What is the URBEST Program and Why Should I Join?
News Article By Tracey Baas, URBEST Executive Director
When people ask me to tell them a little bit about the URBEST program, it’s difficult to know where to start. The first attempt is breaking down the acronym: University of Rochester’s Broadening Experiences in Scientific Training. To tell you the truth, I don’t think very many people remember what the acronym stands for, but they do manage to take away the golden nugget. With the help of the National Institute of Health, the program exists to try to train the BEST scientists possible.
How do we do that at UR? We leave the research training and discovery up to your research advisors, who have been very successful in that area. To complement your research training, URBEST focuses on helping you develop skills such as setting and accomplishing goals, creating a mentoring team, developing professionalism, learning to network through informational interviewing, and understanding what types of careers are amenable to PhD scientists. Here are some activities to get you started exploring (see Table 1).

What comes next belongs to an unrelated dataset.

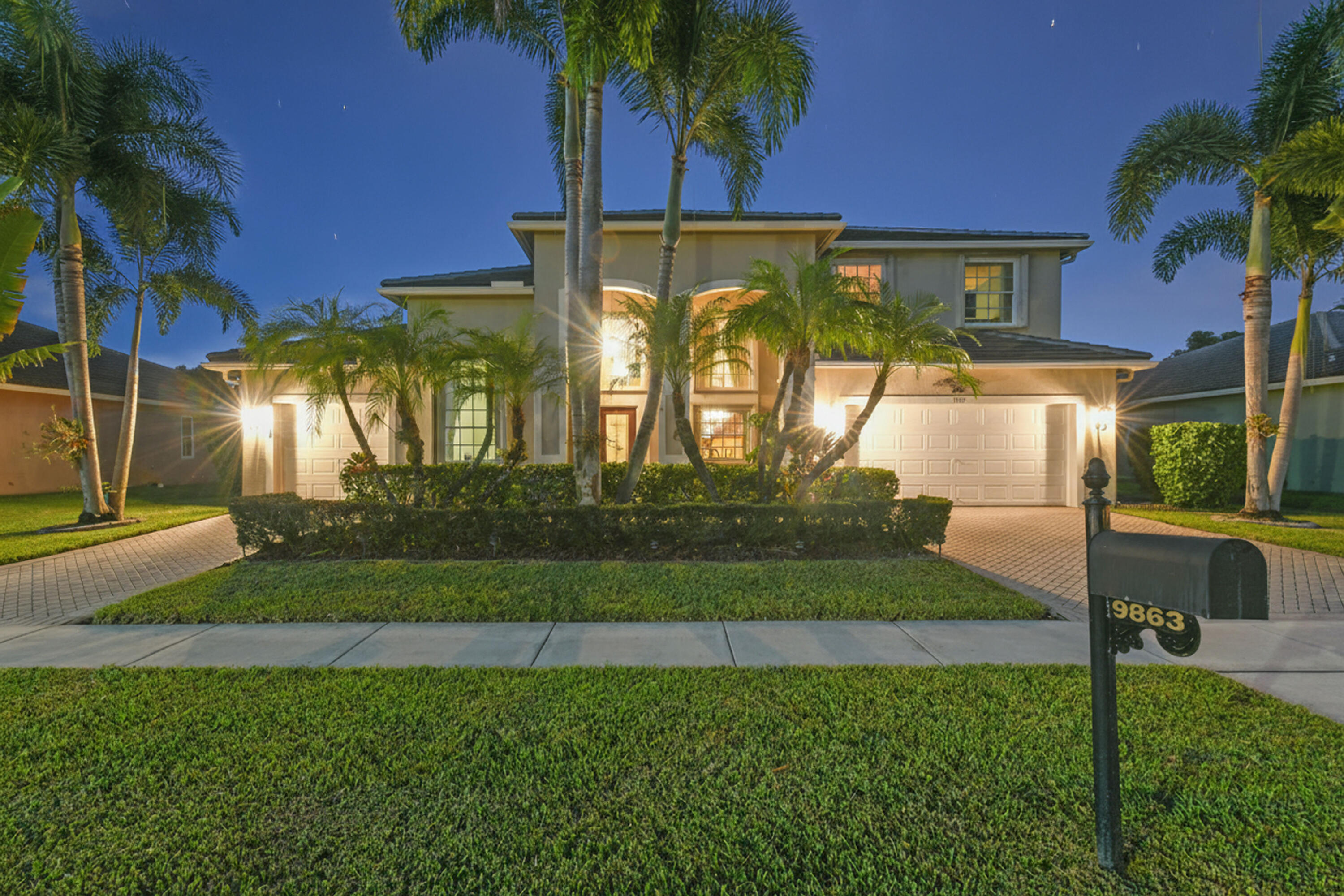 9863 Royal Cardigan, West Palm Beach FL 33411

With URBEST, we hope that you develop the skills necessary to identify what careers intrigue you, to set up informational interviews with role models in those jobs, and to jump on an internship or job opening when the opportunity arises – not out of luck, but from hard work and by paying attention. Your ultimate research project is in fact: you. URBEST can help you take those crucial first steps with career exploration and also help you navigate those important financial and logistical hurdles to solidify internship opportunities that you’ve initiated. And initiating sooner is better than initiating later. We’ve had numerous examples of successful internships with our trainees. (see Table 2).One of my pet projects as URBEST Executive Director is to help you see yourself as more than just a PhD graduate student or postdoctoral associate. According to National Science Foundation statistics, approximately 40,000 Science and Engineering PhDs were awarded to students in 2014. How are you distinct? What are your talents? You must identify and develop skills and characteristics that foster your identity as a scientist. You must think about how your experiences will enhance your unique identity as a scientist in your day-to-day life and on paper – your CV. If “scientist” doesn’t resonate with you, cultivate your professional persona as a scholar, researcher, communicator, or educator.
One last idea to consider is that your participation in the program will not only help you to develop as a scientist, but will also allow you to shape the format of future biomedical training programs. As stated by our program officer Trish Labosky, “The goal is culture change amongst the trainees, faculty, and administration, such that the activities the grantees develop will be measured and the ones that work will be maintained and be valuable.” By joining URBEST, you will be part of a seventeen-institute experiment that develops, identifies, and supports bold and innovative approaches needed for the modernization of biomedical training. You will be paving the way for future successful scientists.
Join the experiment. Open enrollment for URBEST will take place October 1 – 15, 2016.